Qualcomm says inference economics decide where edge AI runs
A senior semiconductor executive explains how cost, latency, and privacy pressures are accelerating the shift from cloud AI to devices

Rising inference costs, power constraints, and privacy concerns are increasingly shaping where artificial intelligence is deployed, pushing workloads away from centralized clouds and closer to devices at the edge.
As generative AI moves from experimentation to everyday use, the economics of running models—rather than their raw capabilities—are emerging as the defining constraint, alongside hard latency limits that cloud-based systems cannot always meet. Training large AI models may remain the domain of hyperscale data centers, but inference, which must be executed repeatedly and at scale and often in real time, is forcing companies to rethink where intelligence should live.
For technology providers, that shift has turned inference from a technical detail into a balance‑sheet question. As usage scales, the cumulative cost of serving AI responses in the cloud can quickly outweigh the benefits of centralization.
That calculation looks very different when AI runs on end devices such as smartphones, vehicles, PCs, or other edge hardware powered by dedicated chips.
“Once you purchase the device, running an extra inference event is effectively free,” said Akash Palkhiwala, chief financial officer and chief operating officer of Qualcomm Inc. “In the cloud, the resources are extremely expensive.”
Palkhiwala shared these views during an interview conducted by Richard Waters, tech writer at large at the Financial Times, at The Global Boardroom, an online event organized by FT Live on December 9.
Palkhiwala said inference costs are becoming a critical issue as AI applications scale beyond pilot projects. Each additional query, recommendation, or autonomous action incurs compute and energy costs when processed in the cloud, creating a business model challenge for application providers.

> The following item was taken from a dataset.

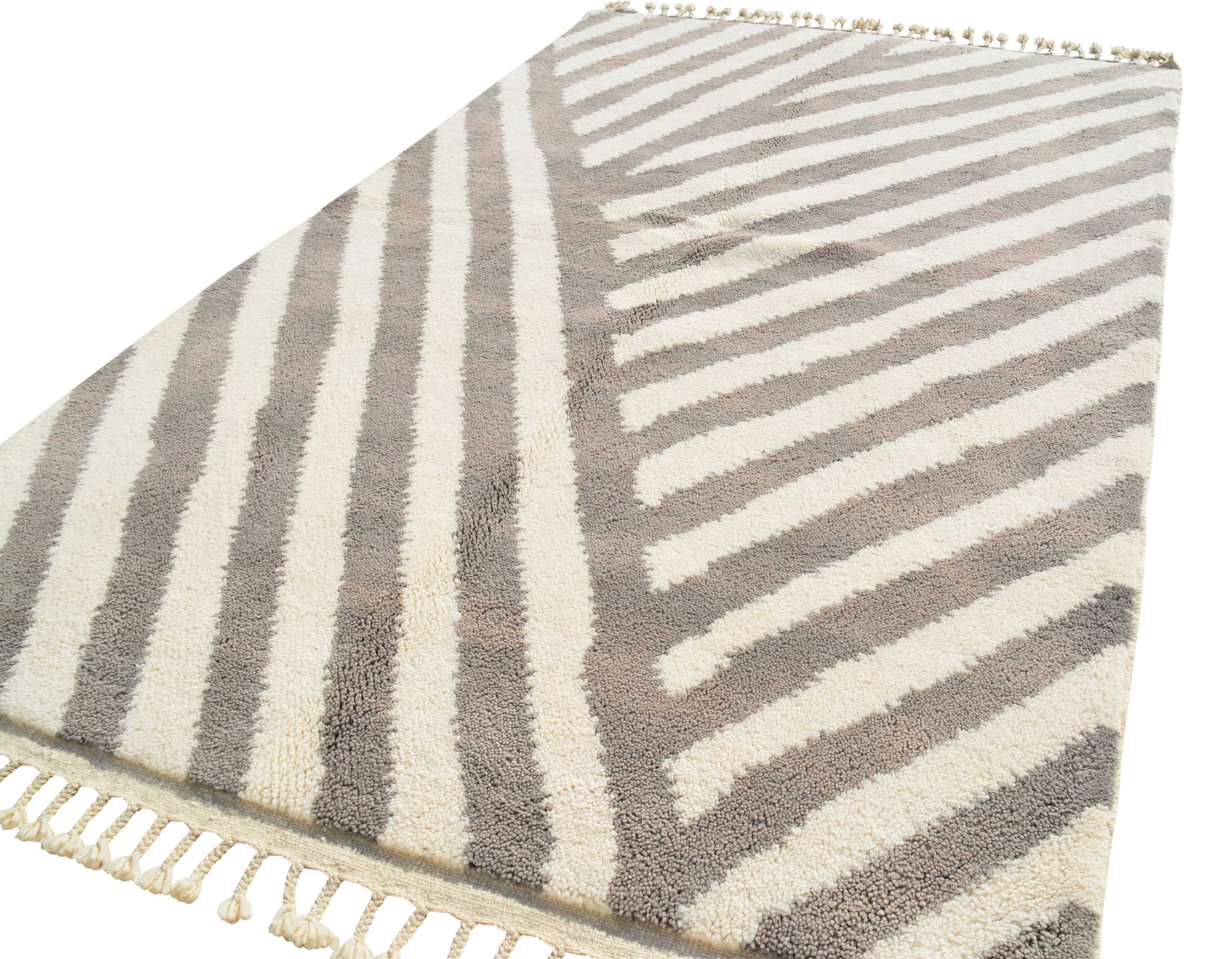 Silver Streak (5'0" x 8'4") - Minimalist Grey Striped Beni Ourain Rug - Hand-Knotted Wool - Image 4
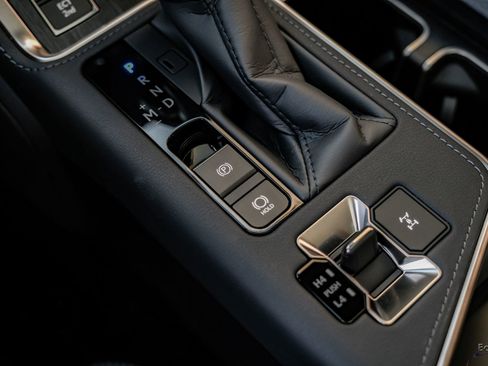 Used 2026 Lexus GX 550 image 54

He said running AI locally on devices fundamentally shifts that cost structure. Once the silicon is deployed, inference does not incur incremental usage fees, making edge execution particularly attractive for high-frequency or always-on workloads.
“There are multiple reasons to run AI on the device,” Palkhiwala said. “Latency is one. Privacy and security are massive reasons. And the final one is cost.”
He said these pressures become more pronounced in emerging markets, where affordability constraints limit how much cloud-based inference can be absorbed into pricing models.
Hybrid AI model
Rather than replacing the cloud, Qualcomm sees a hybrid architecture emerging as the industry standard. Training and large-scale reasoning will continue to rely on data centers, while smaller or distilled models are deployed on devices for real-time interaction.
“We believe the future is hybrid AI,” Palkhiwala said. “Some processing happens on the device, some in the cloud, and the use case determines the split.”
He compared the shift to the evolution of computing itself, in which workloads are routinely split between local hardware and centralized servers. He said AI will follow the same pattern as applications mature, with optimization replacing novelty.
Automotive systems illustrate the logic clearly. Autonomous driving requires immediate decision-making and cannot tolerate network delays or outages.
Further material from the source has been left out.